If we wish to solve this goal computationally we can create a deep
embedding, along with a denotation function for nat, addition, and
equality
\begin{lstlisting}
Inductive expr' :=
| num : nat -> expr
| add : expr -> expr -> expr.
Inductive expr :=
| eq : expr' -> expr' -> expr.
Fixpoint expr'_denote e:=
match e with
| num n => n
| add e1 e2 => expr_denote e1 + expr_denote e2
end.
Definition expr_denote e :=
match e with
| eq e1 e2 => expr'_denote e1 = expr'_denote e2
end.
\end{lstlisting}
This syntax mirrors the syntax of a Coq goal, it means the same thing
but we can compute on it inside of a Gallina program. We define it in
two levels (\lstinline|expr| and \lstinline|expr'|) so that every
\lstinline|expr| has a denotation. This is not a requirement of a
reified syntax, but it simplifies the other steps.
When we apply
the denotation function to the syntax and get a \lstinline|Prop| back,
we say that the goal has been reflected. The process of
\emph{computational reflection} mirrors a shallow embedding with a
deep embedding, does work on the deep embedding, and reflects the
result back to a shallow embedding. To perform the work, we can write a
new symmetry lemma, this time on the denotation of the deep embedding:
\begin{lstlisting}
Lemma add_sym' : forall a b,
expr'_denote (add a b) = expr'_denote (add b a)
\end{lstlisting}
To use this we need a \emph{reified} version of our original goal. To
reify the goal, we create a tactic called a reifier. This must be done
using a tactic because tactics have the ability to match
\lstinline|Prop|, while Gallina does not. The following is a
reification of our original goal:
\begin{lstlisting}
a : expr
b : expr
c : expr
======================
expr_denote (eq (add a (add b c)) (add a (add c b)))
\end{lstlisting}
The lemma we wrote doesn't match the syntax of what we need to prove
so we can't use the rewrite tactic. We could unfold the definition of
\lstinline|expr_denote| and \lstinline|expr_denote'| in our goal, but
then we would lose the deep embedding.

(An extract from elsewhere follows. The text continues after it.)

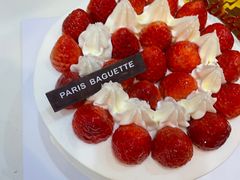 -巴黎贝甜(五月花广场店)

Instead, if we want this
functionality, we need to write a \emph{Coq function} that does the
rewrite and prove that function sound with respect to the denotation
function (assuming we have an equality function on our expr, which
isn't hard to write):
\begin{lstlisting}
Fixpoint symmetry' e e1 e2 :=
match e with
| add e1' e2' => if (e1 == e1' && e2 == e2')
then add e2' e1'
else add (symmetry e1')
(symmetry e2')
| x => x
end.
Definition symmetry e e1 e2 :=
match e with
| eq ex1 ex2 => eq (symmetry' ex1 e1 e2) (symmetry ex2 e1 e2)
end.
Lemma symmetry_func_sound :
forall e1 e2 e,
expr_denote (e) = expr_denote (symmetry e e1 e2)
...
\end{lstlisting}
Now we can rewrite by \lstinline|(symmetry_func_sound b c)| giving us:
\begin{lstlisting}
a : expr
b : expr
c : expr
======================
expr_denote (symmetry (eq (add a (add b c)) (add a (add c b))))
\end{lstlisting}
and simplify. We simplify by using Coq's \lstinline|simpl| tactic,
which performs $\beta\iota$ reduction. The \lstinline|simpl| tactic uses
heuristics to try to only reduce goals far enough that they are still
easily readable by a proof writer. In this case, \lstinline|simpl|
will (unseen to the user) first unfold and reduce the symmetry
definition:
\begin{lstlisting}
a : expr
b : expr
c : expr
======================
expr_denote ((eq (add a (add c b)) (add a (add c b))))
\end{lstlisting}
\noindent and then the denotation function, reflecting the goal back
to \lstinline|Prop|:
\begin{lstlisting}
a : nat
b : nat
c : nat
======================
a + (c + b) = a + (c + b)
\end{lstlisting}
\noindent where the goal can be solved by reflexivity.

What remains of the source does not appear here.